$ cat blog/gitops-kubernetes-argocd.md

GitOps with Kubernetes: An ArgoCD Primer

December 15, 2025 · 2 min read

The Problem with kubectl apply

For years, our deployment process looked something like this:

$ ssh into-bastion
$ kubectl apply -f deployment.yaml
$ kubectl rollout status deployment/app
$ # hope for the best

It worked, until it didn’t.

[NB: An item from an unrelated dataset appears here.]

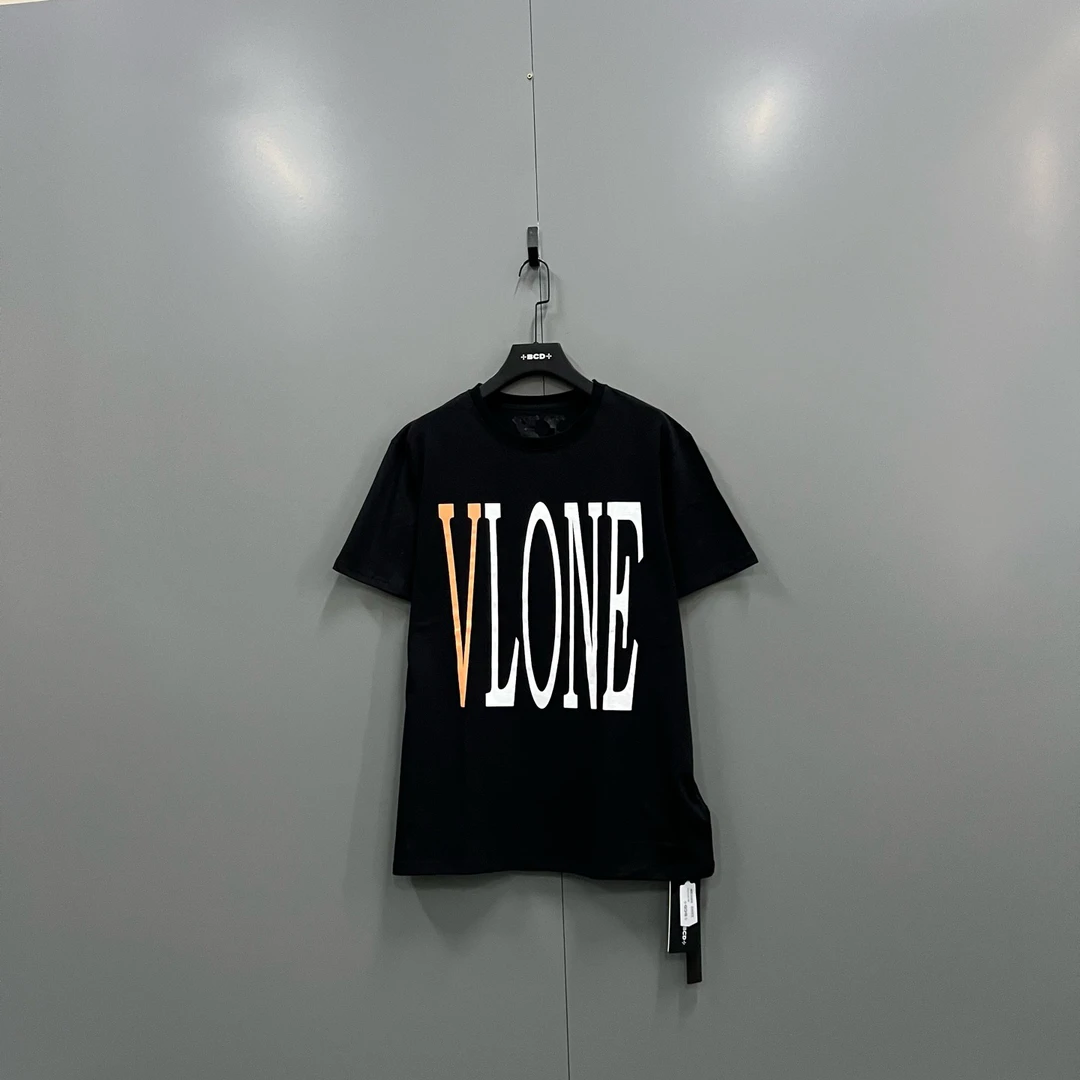 未使用 maje (ll) VLONE 黑色手绘logo短袖 L码/015625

The problems were predictable:

  • No audit trail — who deployed what, when?
  • Configuration drift — production slowly diverged from what was in git
  • Manual rollbacks — reverting meant remembering what the previous state was

Enter GitOps

GitOps flips the model: instead of pushing changes to the cluster, you declare the desired state in git, and a controller pulls it into the cluster.

The core principles:

  1. Git as the single source of truth for declarative infrastructure and applications
  2. All changes via git — no more kubectl apply from laptops
  3. Automated reconciliation — the controller continuously ensures the cluster matches git
  4. Self-healing — manual changes get automatically reverted

Our ArgoCD Setup

We chose ArgoCD for its straightforward approach and excellent UI. Here’s the high-level architecture:

# application.yaml
apiVersion: argoproj.io/v1alpha1
kind: Application
metadata:
  name: my-service
  namespace: argocd
spec:
  project: default
  source:
    repoURL: https://github.com/org/k8s-manifests
    targetRevision: main
    path: services/my-service/production
  destination:
    server: https://kubernetes.default.svc
    namespace: production
  syncPolicy:
    automated:
      prune: true
      selfHeal: true

Results

After 3 months of running GitOps:

  • Deployment frequency went from 2/week to 5/day
  • Failed deployments dropped by 80%
  • Mean time to recovery decreased from 45min to 5min (just git revert)
  • On-call engineers actually sleep now

Lessons Learned

  • Start with a single non-critical service. Don’t migrate everything at once.
  • Invest in your git repository structure early — it’s harder to reorganize later.
  • selfHeal: true is powerful but can be surprising. Make sure your team understands what it does.
  • Secrets management needs its own solution (we use Sealed Secrets).

GitOps isn’t magic, but it’s the closest thing to it in the Kubernetes ecosystem.